━━ Data extracts ━━

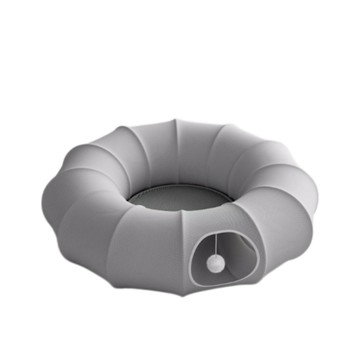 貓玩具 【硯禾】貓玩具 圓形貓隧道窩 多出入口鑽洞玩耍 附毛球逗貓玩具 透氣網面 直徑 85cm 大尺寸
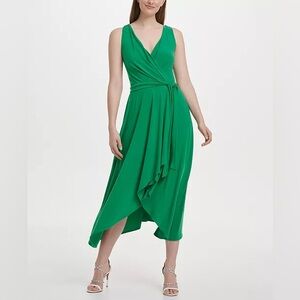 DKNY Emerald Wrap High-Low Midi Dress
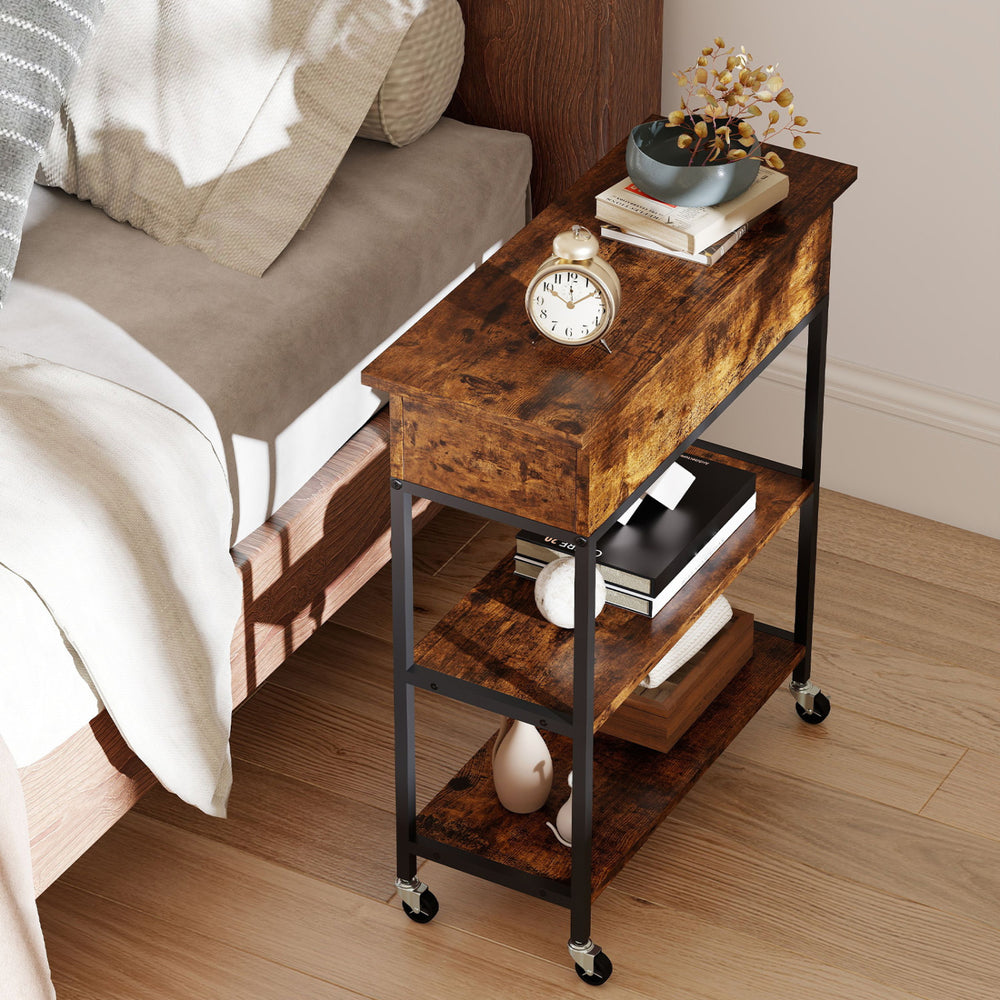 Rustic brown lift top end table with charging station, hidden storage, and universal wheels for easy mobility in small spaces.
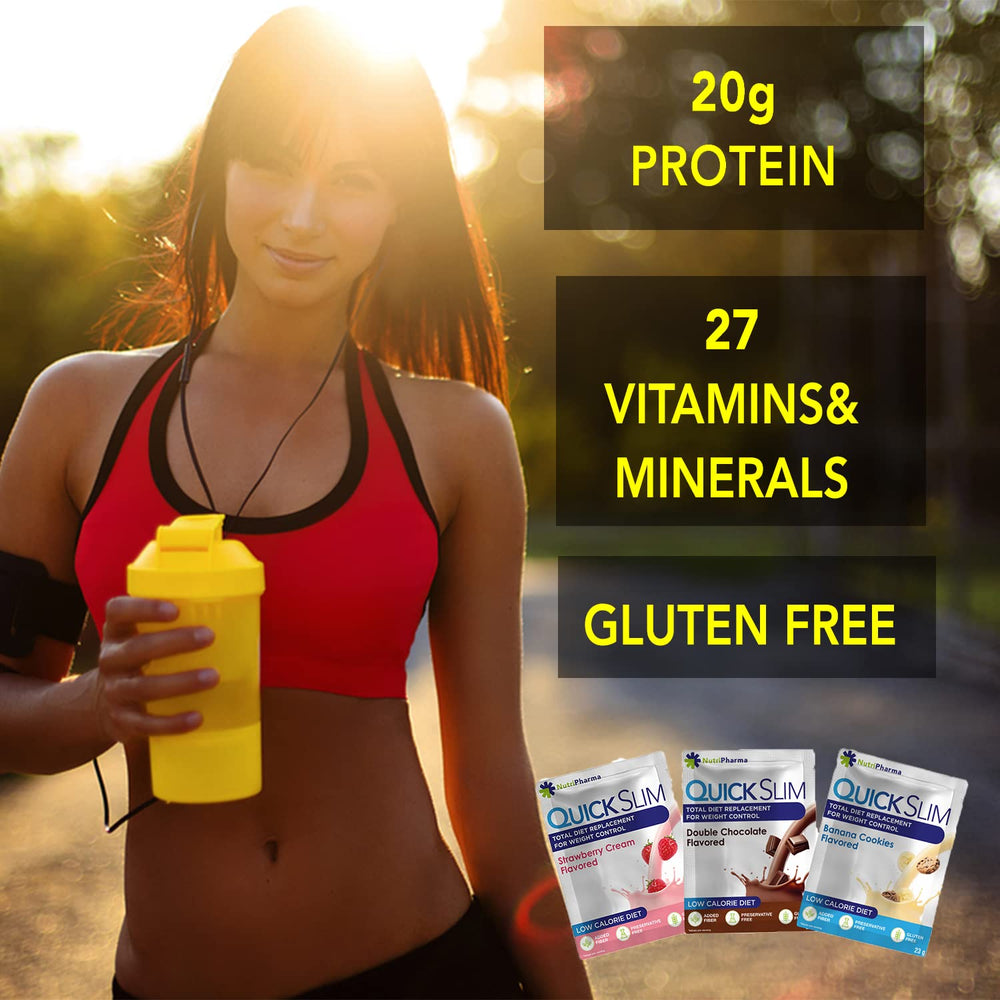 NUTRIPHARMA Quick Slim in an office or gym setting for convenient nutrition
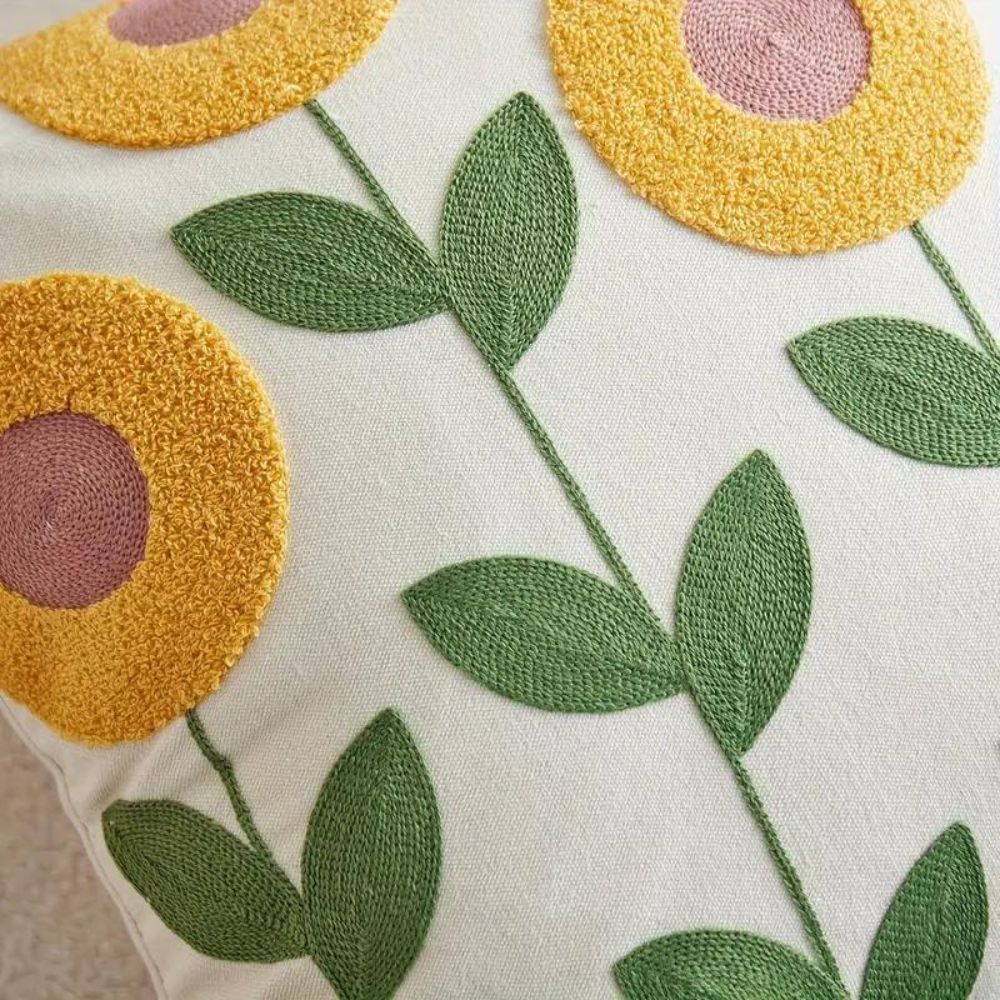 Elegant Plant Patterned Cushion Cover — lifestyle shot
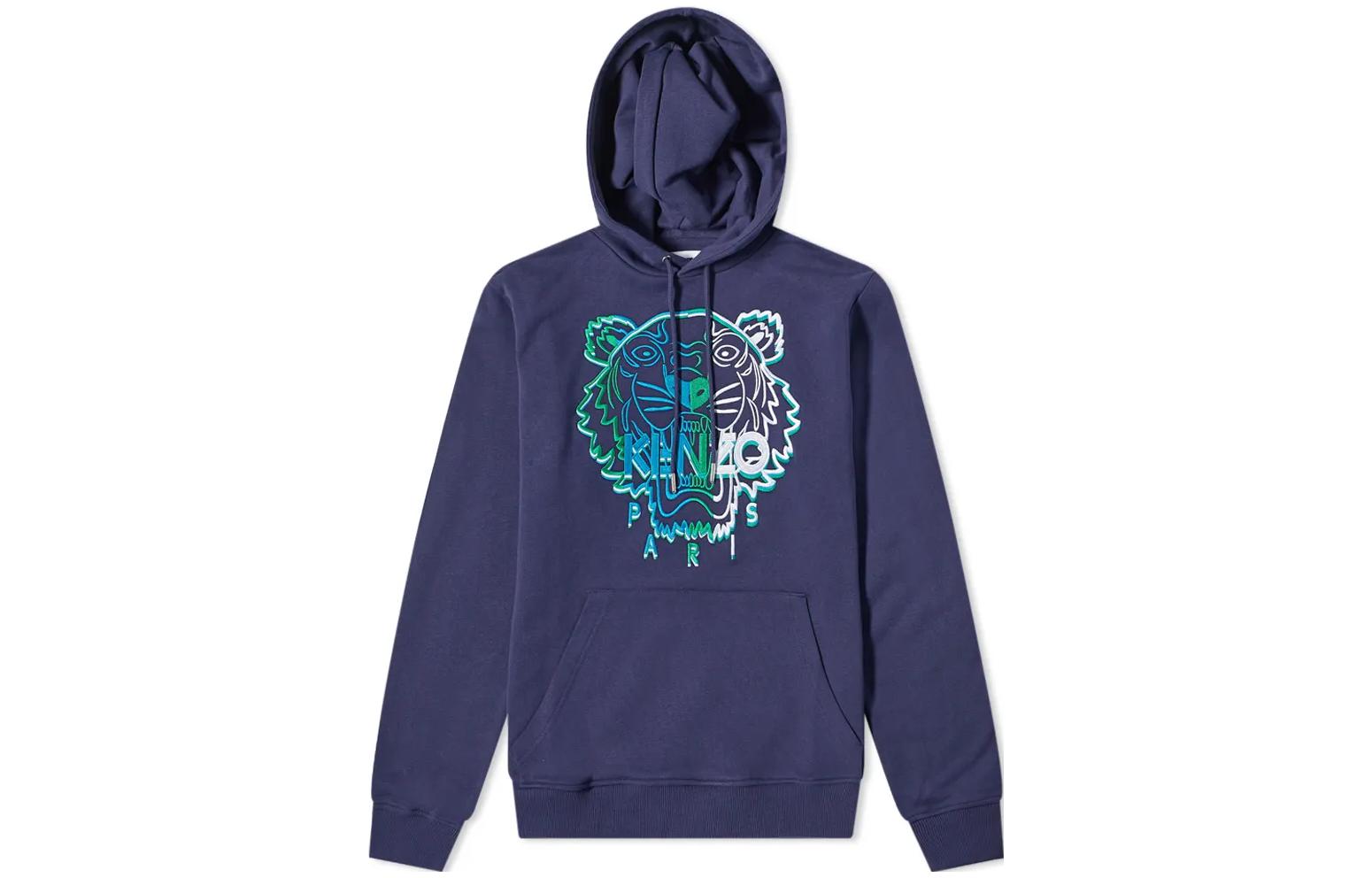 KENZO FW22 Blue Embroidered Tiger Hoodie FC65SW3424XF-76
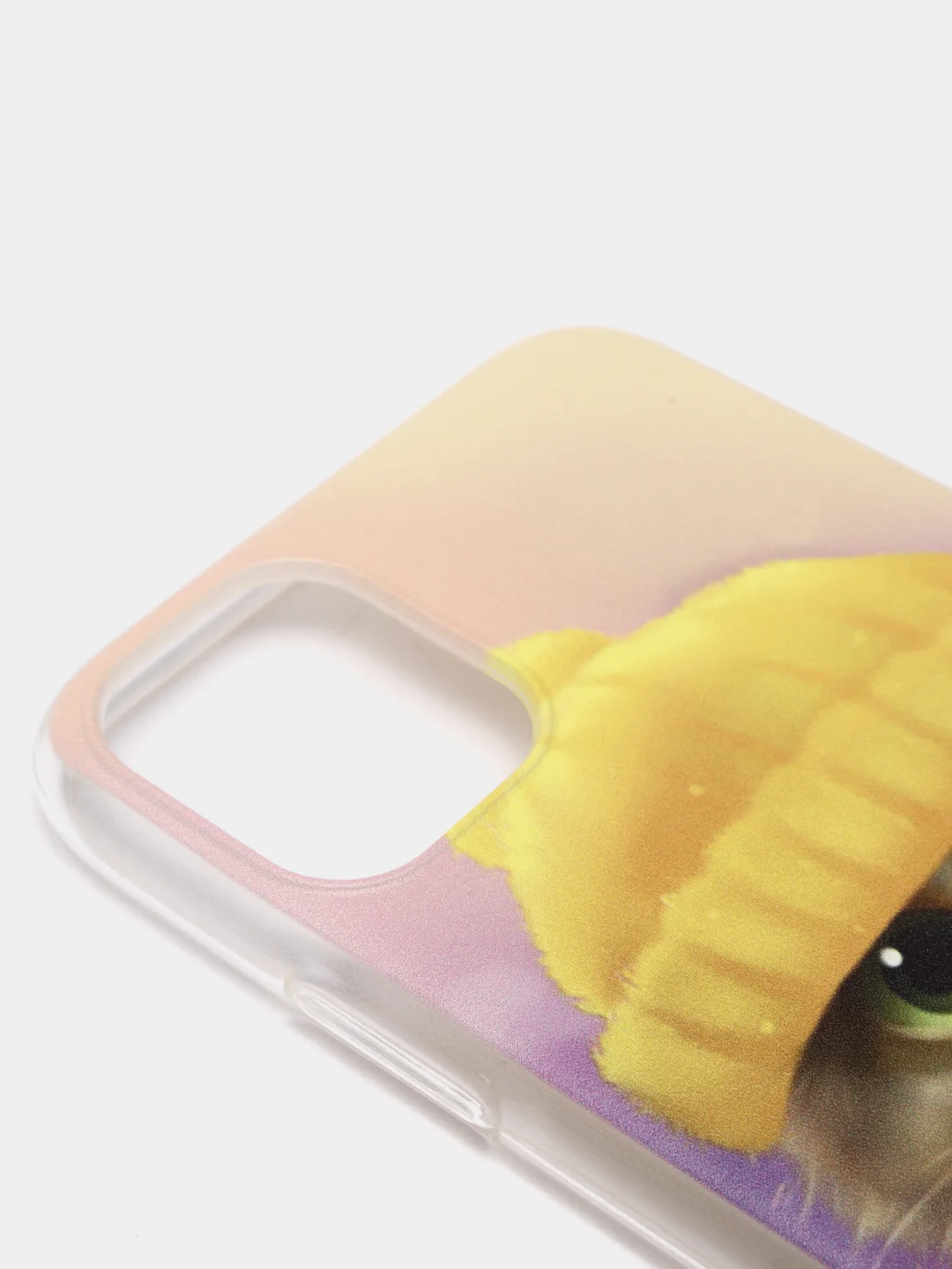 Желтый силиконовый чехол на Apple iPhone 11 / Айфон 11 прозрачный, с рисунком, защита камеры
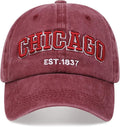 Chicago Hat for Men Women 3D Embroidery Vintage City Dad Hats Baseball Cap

━━━

Find the line that contains "Elegant Plant Patterned", then write out that line and each one after it, exactly and with nothing else, through the end of the entries above, without the pictures.

* [Solution below]:
 Elegant Plant Patterned Cushion Cover — lifestyle shot
 KENZO FW22 Blue Embroidered Tiger Hoodie FC65SW3424XF-76
 Желтый силиконовый чехол на Apple iPhone 11 / Айфон 11 прозрачный, с рисунком, защита камеры
 Chicago Hat for Men Women 3D Embroidery Vintage City Dad Hats Baseball Cap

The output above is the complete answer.